__What to produce__: Go to the line holding "Wood Picket Fence White 23 In X 35 In" in the entries below and write out exactly every line down to and including the line holding "Зарубежный стиль легкая".

__Records to use__:
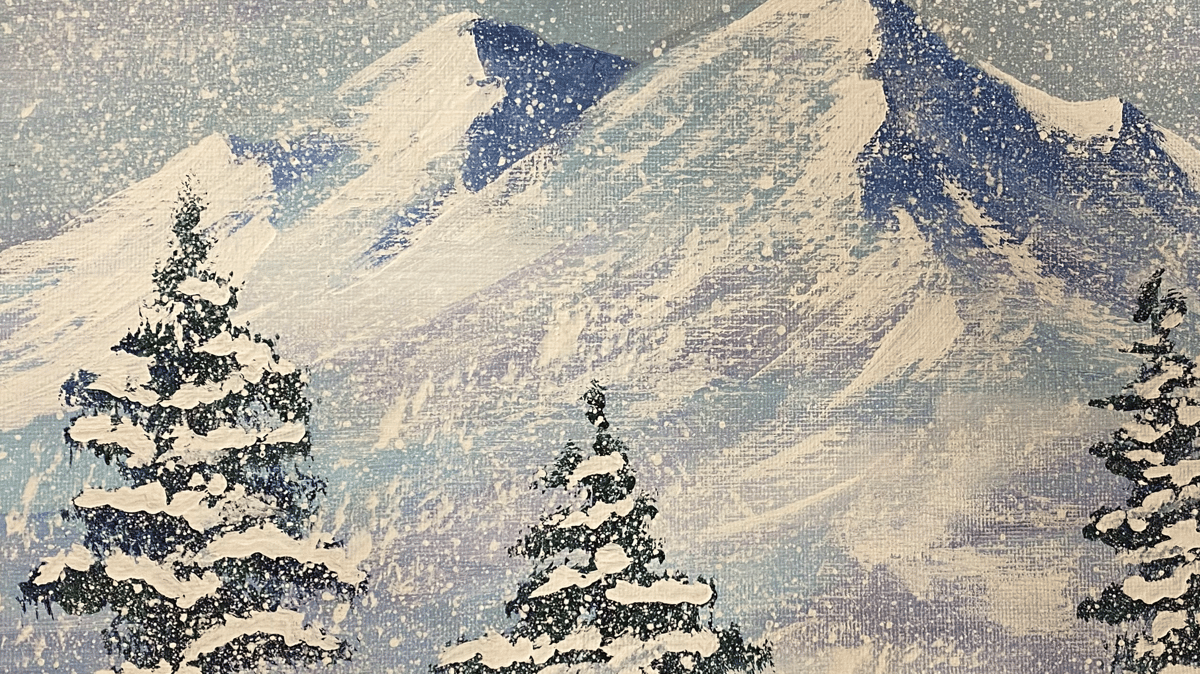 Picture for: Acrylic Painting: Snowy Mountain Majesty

...

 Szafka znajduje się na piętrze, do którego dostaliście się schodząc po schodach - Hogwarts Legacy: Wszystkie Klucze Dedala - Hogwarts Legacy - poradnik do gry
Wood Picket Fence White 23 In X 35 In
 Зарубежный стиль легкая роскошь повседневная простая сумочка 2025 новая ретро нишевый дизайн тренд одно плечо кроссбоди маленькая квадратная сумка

__Result below__:
Wood Picket Fence White 23 In X 35 In
 Зарубежный стиль легкая роскошь повседневная простая сумочка 2025 новая ретро нишевый дизайн тренд одно плечо кроссбоди маленькая квадратная сумка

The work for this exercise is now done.